What you should do:
What should you transcribe? Every line from the top of the records below through the line with "3004 Cornfield Avenue", exactly, and no pictures.

Extracted entries:
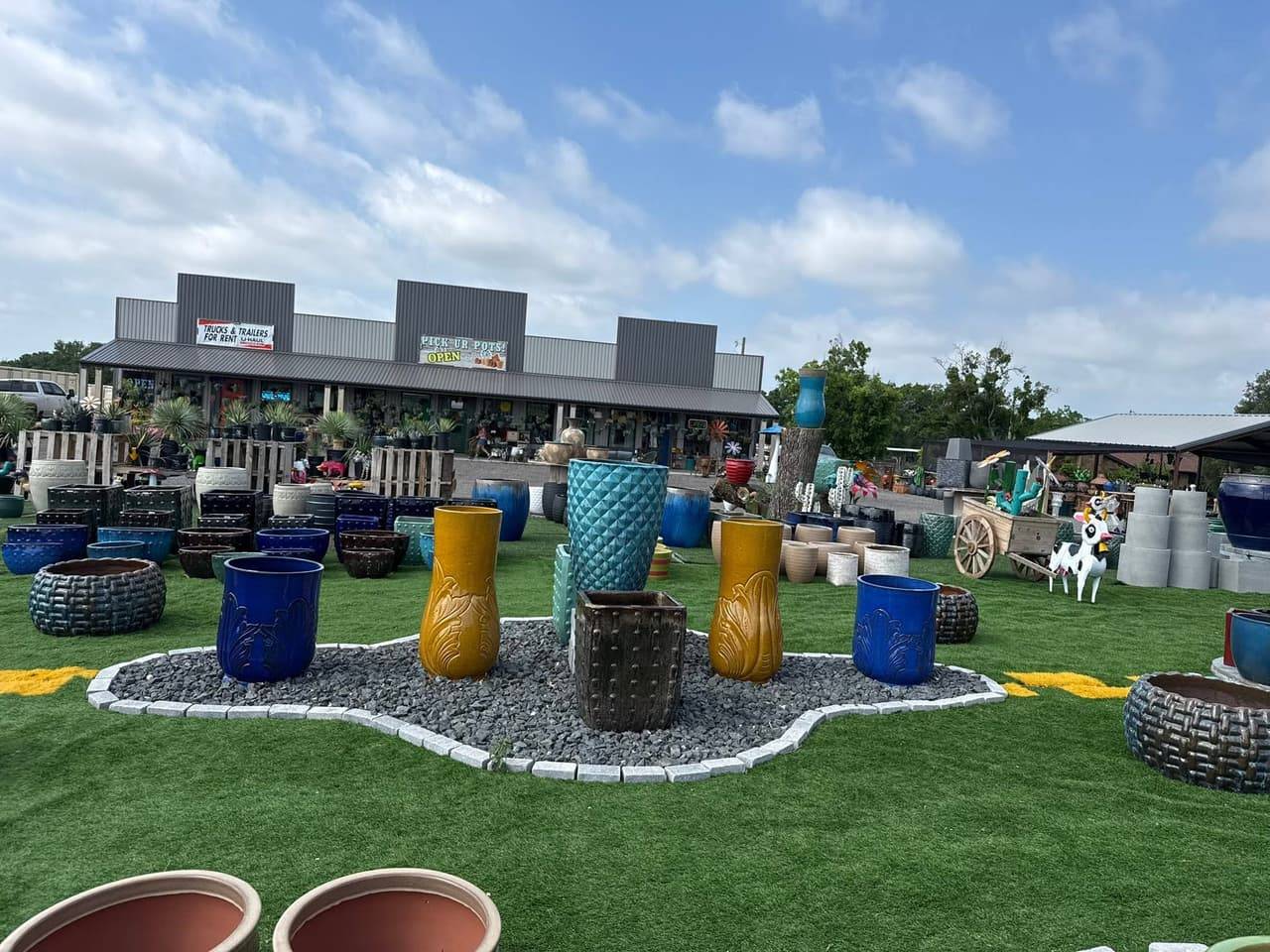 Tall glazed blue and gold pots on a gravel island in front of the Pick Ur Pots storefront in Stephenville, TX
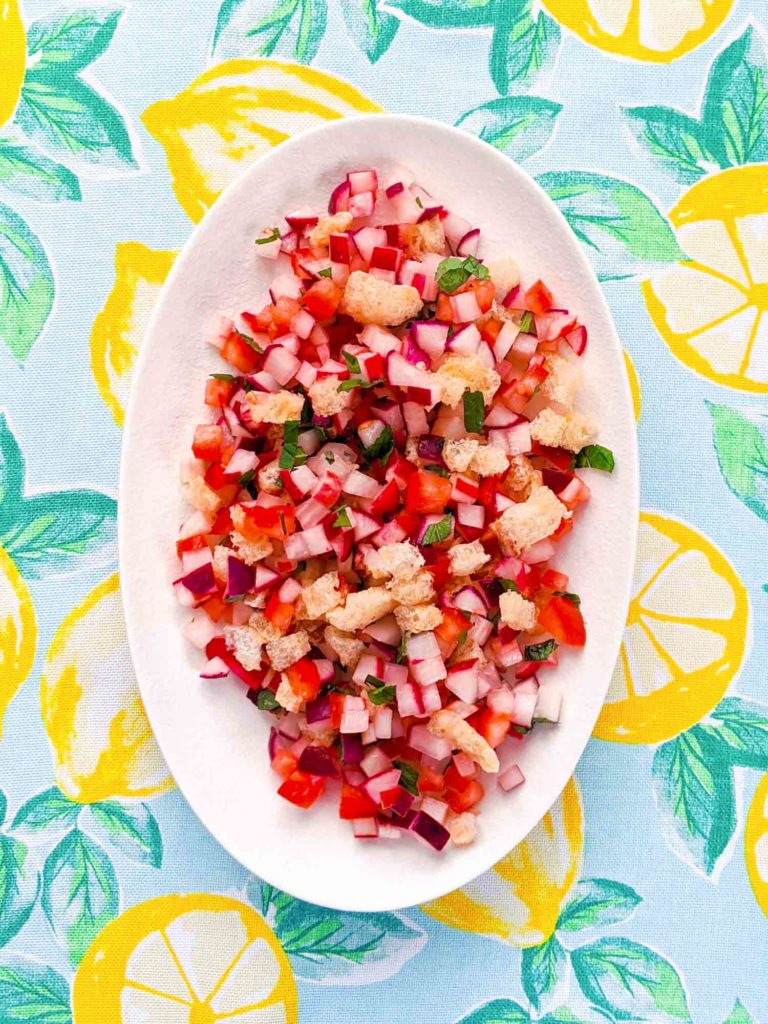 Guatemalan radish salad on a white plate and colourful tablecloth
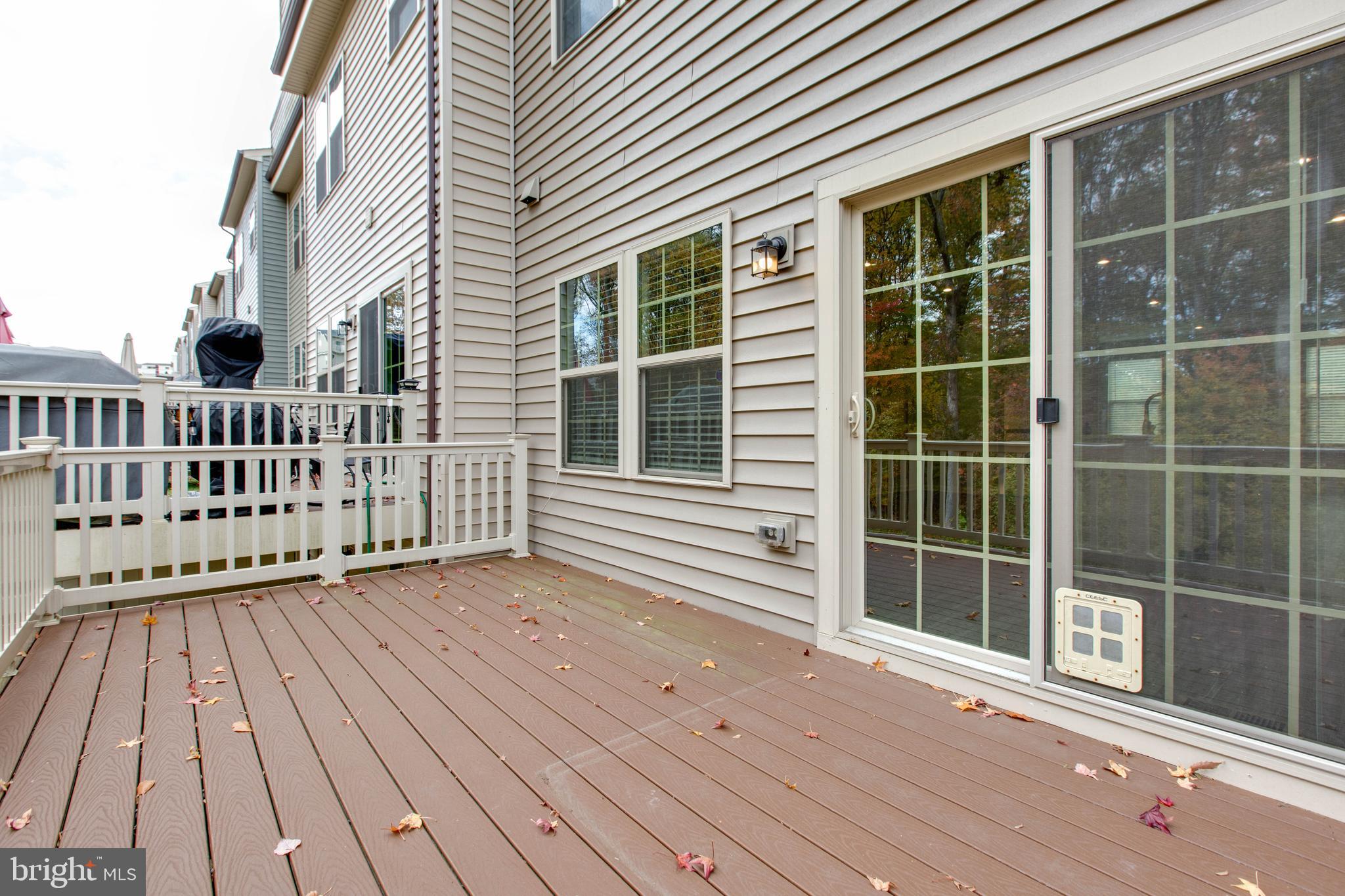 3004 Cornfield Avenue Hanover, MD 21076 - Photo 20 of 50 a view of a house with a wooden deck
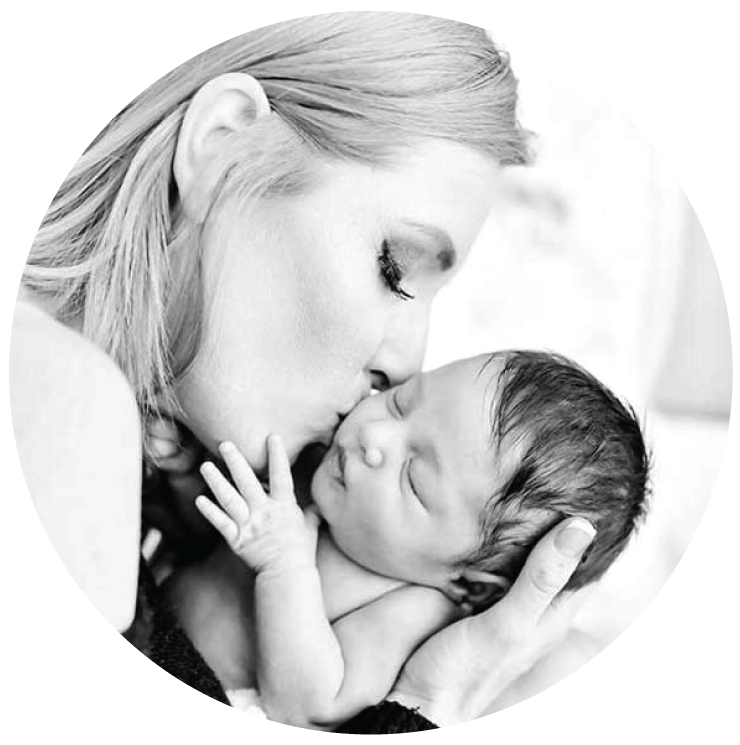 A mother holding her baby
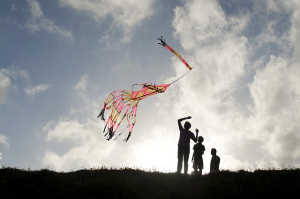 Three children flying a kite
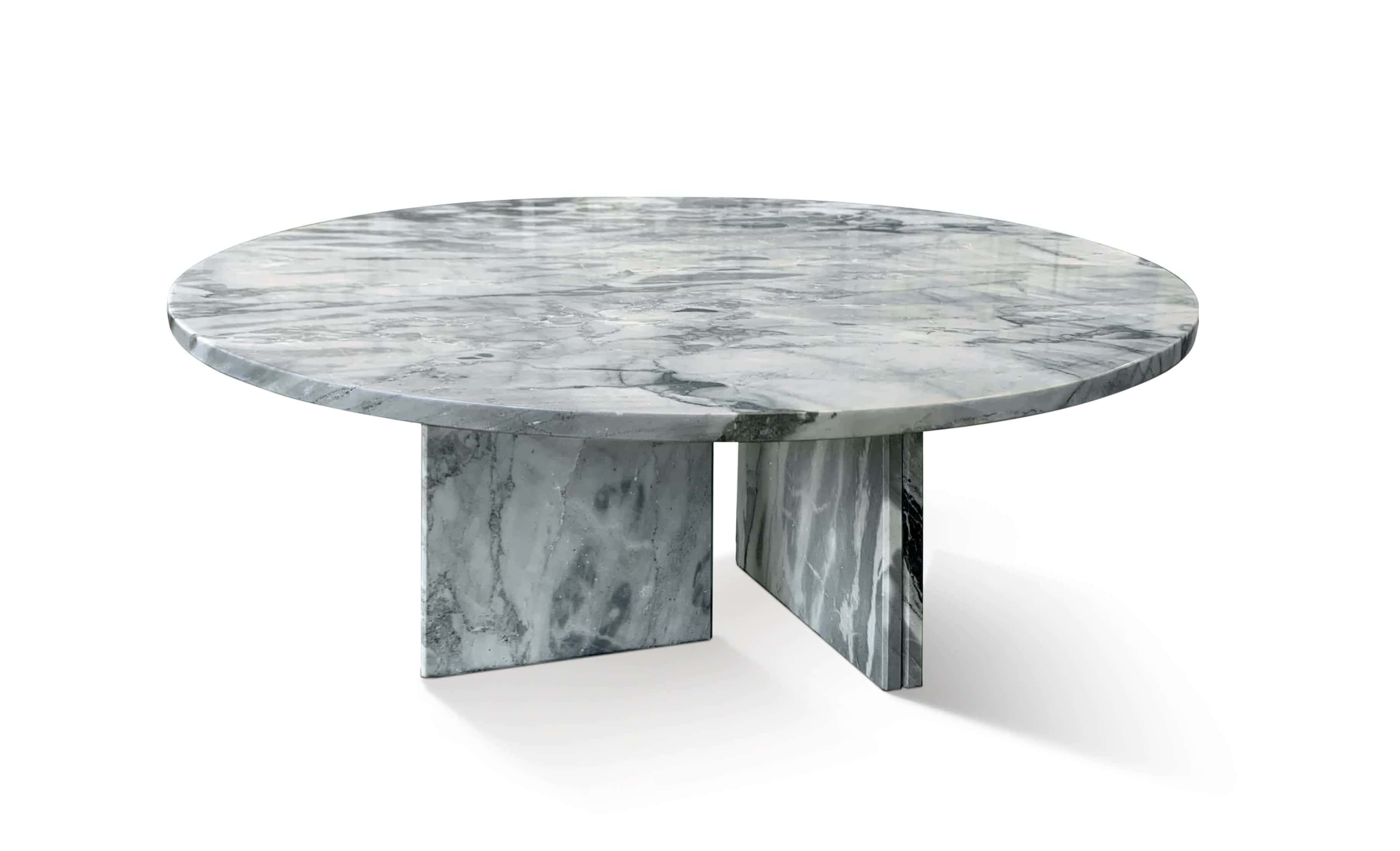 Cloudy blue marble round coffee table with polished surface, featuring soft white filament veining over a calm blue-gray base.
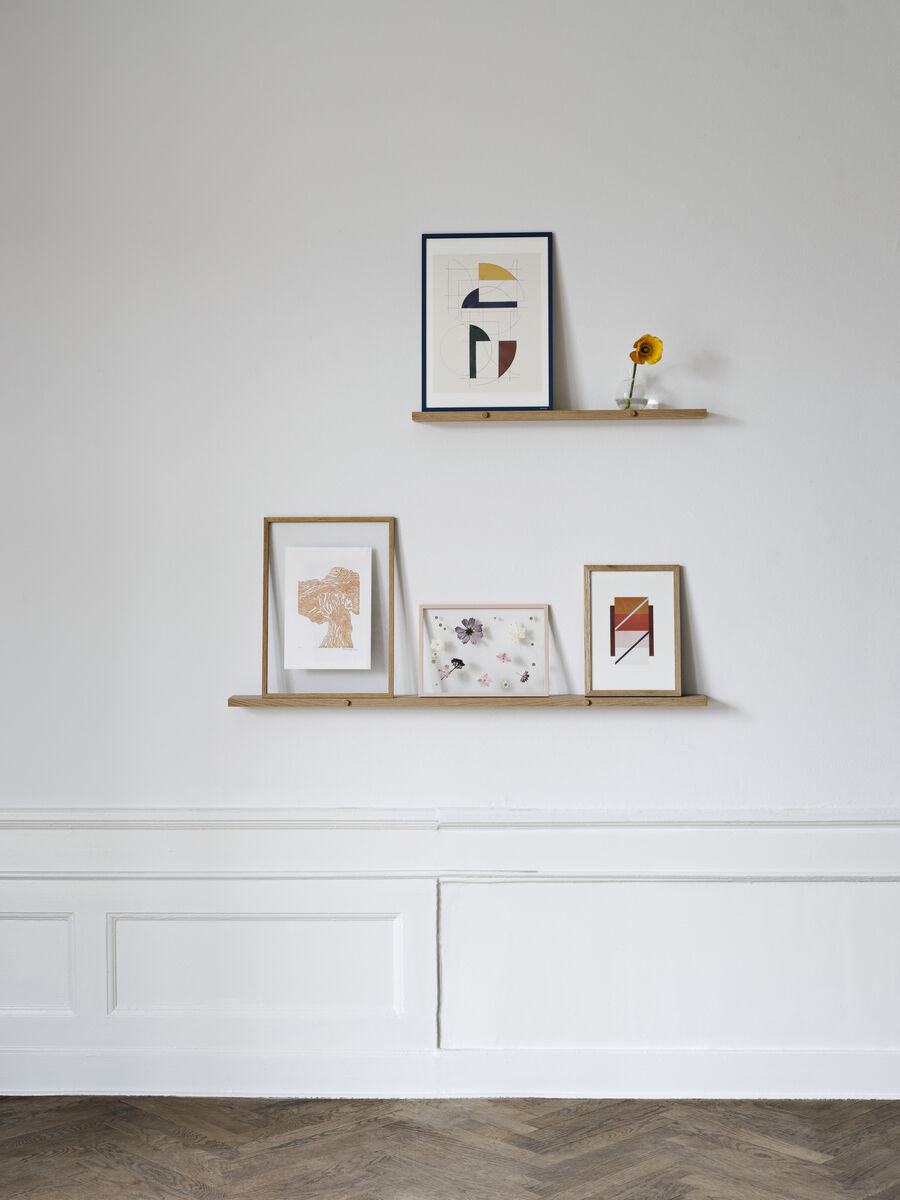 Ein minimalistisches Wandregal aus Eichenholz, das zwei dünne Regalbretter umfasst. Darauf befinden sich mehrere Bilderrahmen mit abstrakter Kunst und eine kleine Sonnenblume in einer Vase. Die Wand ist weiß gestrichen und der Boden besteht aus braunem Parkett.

Output of the exercise:
 Tall glazed blue and gold pots on a gravel island in front of the Pick Ur Pots storefront in Stephenville, TX
 Guatemalan radish salad on a white plate and colourful tablecloth
 3004 Cornfield Avenue Hanover, MD 21076 - Photo 20 of 50 a view of a house with a wooden deck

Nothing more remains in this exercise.